### ABOUT THIS TASK
You are asked to repeat the listing word for word and to leave out its pictures.

(PROVIDED MATERIAL Opens)

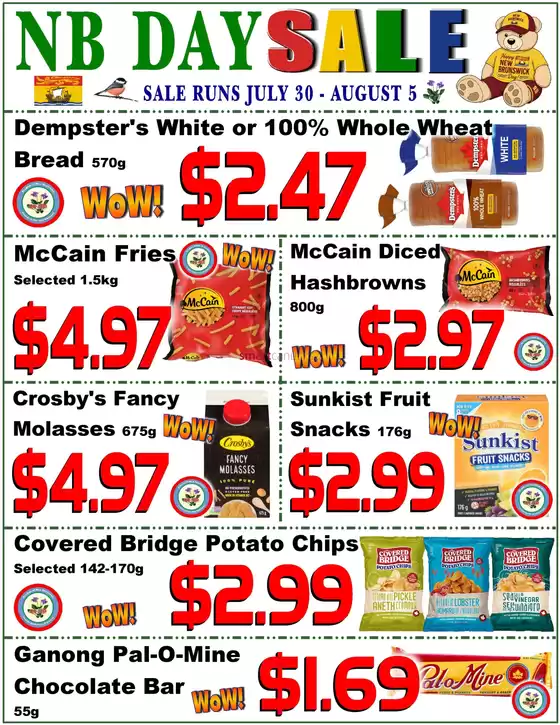 Co-op Atlantic catalogue | Weekly flyer | 2026-07-30T00:00:00.000Z - 2026-08-05T00:00:00.000Z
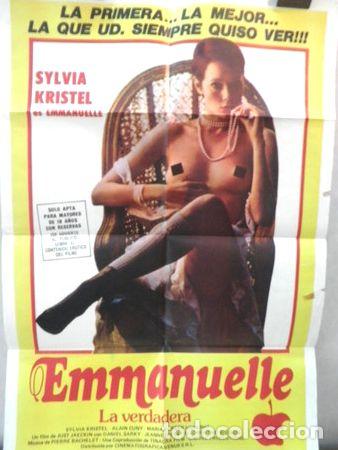 Kino: afiche cine origina emmanuelle 1974 sylvia kristel fabi 1701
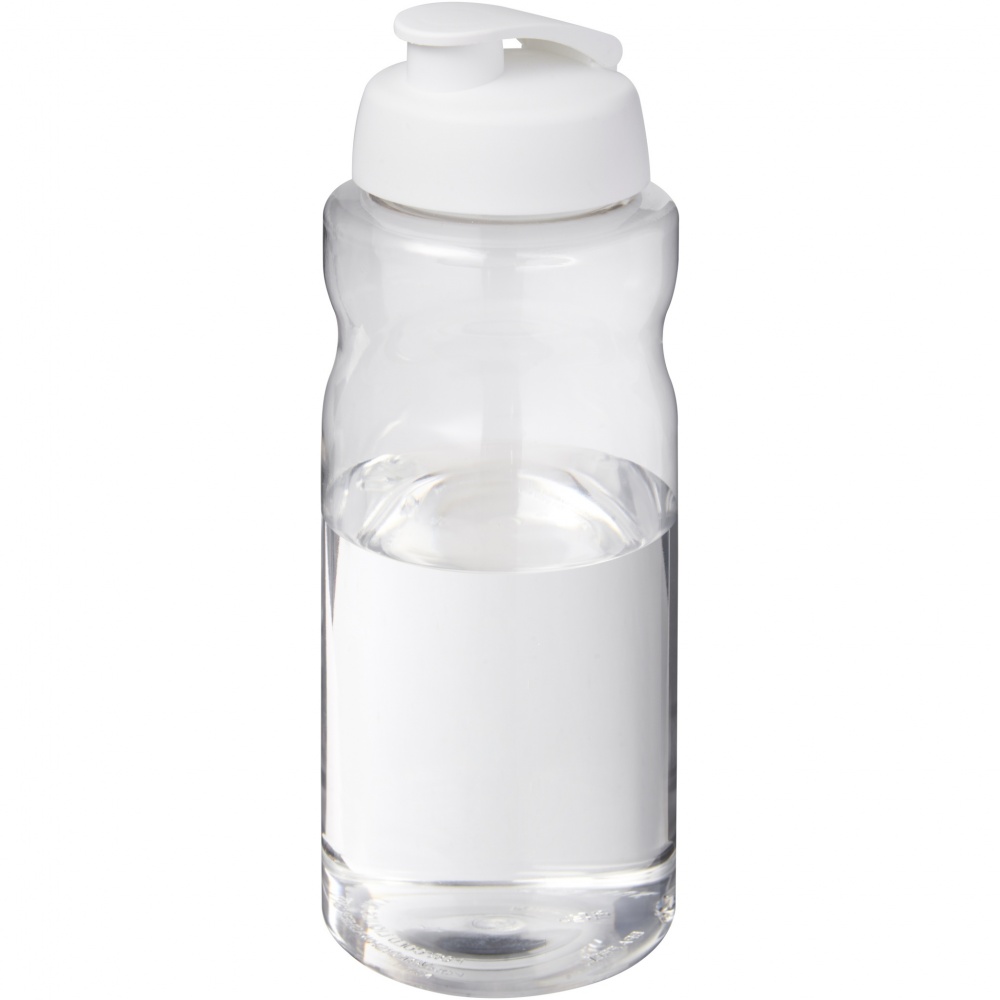 Logotrade promotional item picture of: H2O Active® Big Base 1 litre flip lid sport bottle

(PROVIDED MATERIAL Closes)

### TASK ANSWER
 Co-op Atlantic catalogue | Weekly flyer | 2026-07-30T00:00:00.000Z - 2026-08-05T00:00:00.000Z
 Kino: afiche cine origina emmanuelle 1974 sylvia kristel fabi 1701
 Logotrade promotional item picture of: H2O Active® Big Base 1 litre flip lid sport bottle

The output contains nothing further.